Wenn die Funktion klar ist, ist nichts mehr verwirrend.

Antishock gibt es schon ewig bei guten Spiegelreflexkameras. Früher hieß es eben Spiegelvorauslösung und diente der Reduzierung von Schwingungen durch den sogenannten Spiegelschlag bei Aufnahmen vom Stativ. 

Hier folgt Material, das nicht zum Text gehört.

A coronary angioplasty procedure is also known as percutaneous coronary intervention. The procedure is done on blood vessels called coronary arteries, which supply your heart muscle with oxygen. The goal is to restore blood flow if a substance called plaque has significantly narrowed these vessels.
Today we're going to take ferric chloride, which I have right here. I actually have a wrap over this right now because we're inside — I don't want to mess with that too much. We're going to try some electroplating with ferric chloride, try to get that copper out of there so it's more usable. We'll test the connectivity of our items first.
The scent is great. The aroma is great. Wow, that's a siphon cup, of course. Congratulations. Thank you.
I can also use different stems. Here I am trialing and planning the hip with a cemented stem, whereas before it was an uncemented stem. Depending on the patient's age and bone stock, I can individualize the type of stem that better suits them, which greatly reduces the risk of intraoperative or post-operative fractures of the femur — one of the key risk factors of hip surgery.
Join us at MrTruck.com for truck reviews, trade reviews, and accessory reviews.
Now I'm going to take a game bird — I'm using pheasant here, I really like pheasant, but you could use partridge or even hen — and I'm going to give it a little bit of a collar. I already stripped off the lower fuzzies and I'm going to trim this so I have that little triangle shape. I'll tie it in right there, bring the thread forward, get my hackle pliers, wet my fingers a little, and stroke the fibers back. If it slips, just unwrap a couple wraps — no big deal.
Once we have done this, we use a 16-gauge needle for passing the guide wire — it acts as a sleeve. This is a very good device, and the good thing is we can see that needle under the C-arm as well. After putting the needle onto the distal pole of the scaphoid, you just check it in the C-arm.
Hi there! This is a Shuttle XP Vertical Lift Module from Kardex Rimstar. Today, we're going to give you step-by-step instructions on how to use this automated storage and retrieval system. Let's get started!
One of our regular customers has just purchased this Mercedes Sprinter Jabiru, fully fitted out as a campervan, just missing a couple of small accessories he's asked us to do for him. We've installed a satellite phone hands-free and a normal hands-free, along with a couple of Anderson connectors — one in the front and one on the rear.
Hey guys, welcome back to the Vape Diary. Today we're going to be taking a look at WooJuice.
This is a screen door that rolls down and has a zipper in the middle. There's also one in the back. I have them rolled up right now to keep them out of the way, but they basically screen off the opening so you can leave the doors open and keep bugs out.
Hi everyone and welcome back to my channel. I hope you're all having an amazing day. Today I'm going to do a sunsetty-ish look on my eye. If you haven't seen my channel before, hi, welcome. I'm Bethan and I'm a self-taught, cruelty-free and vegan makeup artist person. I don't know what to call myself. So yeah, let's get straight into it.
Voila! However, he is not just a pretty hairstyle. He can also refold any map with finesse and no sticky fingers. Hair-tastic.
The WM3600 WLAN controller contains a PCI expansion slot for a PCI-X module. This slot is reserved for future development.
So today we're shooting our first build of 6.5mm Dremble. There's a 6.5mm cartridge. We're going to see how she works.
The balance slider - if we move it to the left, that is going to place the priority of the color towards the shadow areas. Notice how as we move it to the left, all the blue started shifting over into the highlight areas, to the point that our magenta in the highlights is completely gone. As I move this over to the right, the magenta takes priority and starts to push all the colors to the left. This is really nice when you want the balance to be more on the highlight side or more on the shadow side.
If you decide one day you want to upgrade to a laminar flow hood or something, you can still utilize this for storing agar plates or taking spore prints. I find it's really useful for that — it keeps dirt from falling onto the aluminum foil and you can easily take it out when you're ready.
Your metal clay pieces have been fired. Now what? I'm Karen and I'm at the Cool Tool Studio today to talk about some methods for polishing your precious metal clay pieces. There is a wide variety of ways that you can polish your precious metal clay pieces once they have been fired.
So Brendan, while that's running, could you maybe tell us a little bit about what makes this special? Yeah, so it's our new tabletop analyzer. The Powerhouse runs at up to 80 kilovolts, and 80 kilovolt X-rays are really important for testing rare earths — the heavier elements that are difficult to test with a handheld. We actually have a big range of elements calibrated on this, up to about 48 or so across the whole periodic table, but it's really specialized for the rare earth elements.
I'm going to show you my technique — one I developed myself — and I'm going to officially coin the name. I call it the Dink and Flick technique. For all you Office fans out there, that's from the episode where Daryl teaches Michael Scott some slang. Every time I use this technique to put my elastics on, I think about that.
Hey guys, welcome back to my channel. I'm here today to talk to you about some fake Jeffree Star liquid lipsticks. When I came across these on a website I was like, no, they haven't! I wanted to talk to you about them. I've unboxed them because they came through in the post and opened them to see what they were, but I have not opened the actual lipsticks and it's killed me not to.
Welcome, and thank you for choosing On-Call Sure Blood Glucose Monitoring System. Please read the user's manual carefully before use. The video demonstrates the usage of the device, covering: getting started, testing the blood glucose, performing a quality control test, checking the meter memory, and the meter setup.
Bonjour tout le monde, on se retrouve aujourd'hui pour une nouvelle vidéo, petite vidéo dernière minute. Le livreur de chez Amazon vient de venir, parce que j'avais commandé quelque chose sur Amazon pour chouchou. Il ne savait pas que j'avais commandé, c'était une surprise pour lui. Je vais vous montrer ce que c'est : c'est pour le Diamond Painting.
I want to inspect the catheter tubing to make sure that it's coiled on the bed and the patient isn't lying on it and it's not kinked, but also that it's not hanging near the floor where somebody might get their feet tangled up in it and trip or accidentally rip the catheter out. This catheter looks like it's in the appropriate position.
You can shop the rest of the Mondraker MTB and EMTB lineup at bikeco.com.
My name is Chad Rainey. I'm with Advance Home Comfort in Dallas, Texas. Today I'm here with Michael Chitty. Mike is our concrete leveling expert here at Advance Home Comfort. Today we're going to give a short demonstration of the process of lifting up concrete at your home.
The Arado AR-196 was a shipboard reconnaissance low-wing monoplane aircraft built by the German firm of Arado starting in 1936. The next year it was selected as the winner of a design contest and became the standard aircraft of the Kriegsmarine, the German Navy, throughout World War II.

Die Funktion „Antishock“ wurde dann von Olympus von der E-Serie auch auf die Spiegellosen übertragen, da ja z. B. ein Verschluss, der bei diesem Kameratyp noch zusätzliche Bewegungen macht (Schließen-Sensor löschen-Öffnen-Belichten-Schließen-Sensor auslesen-Öffnen) reichlich Schwingungen erzeugen kann.

Als dann das Phänomen „Shutter Shock“ durch die Foren geisterte, hat Olympus als Gegenmaßnahme Antishock (0) erfunden.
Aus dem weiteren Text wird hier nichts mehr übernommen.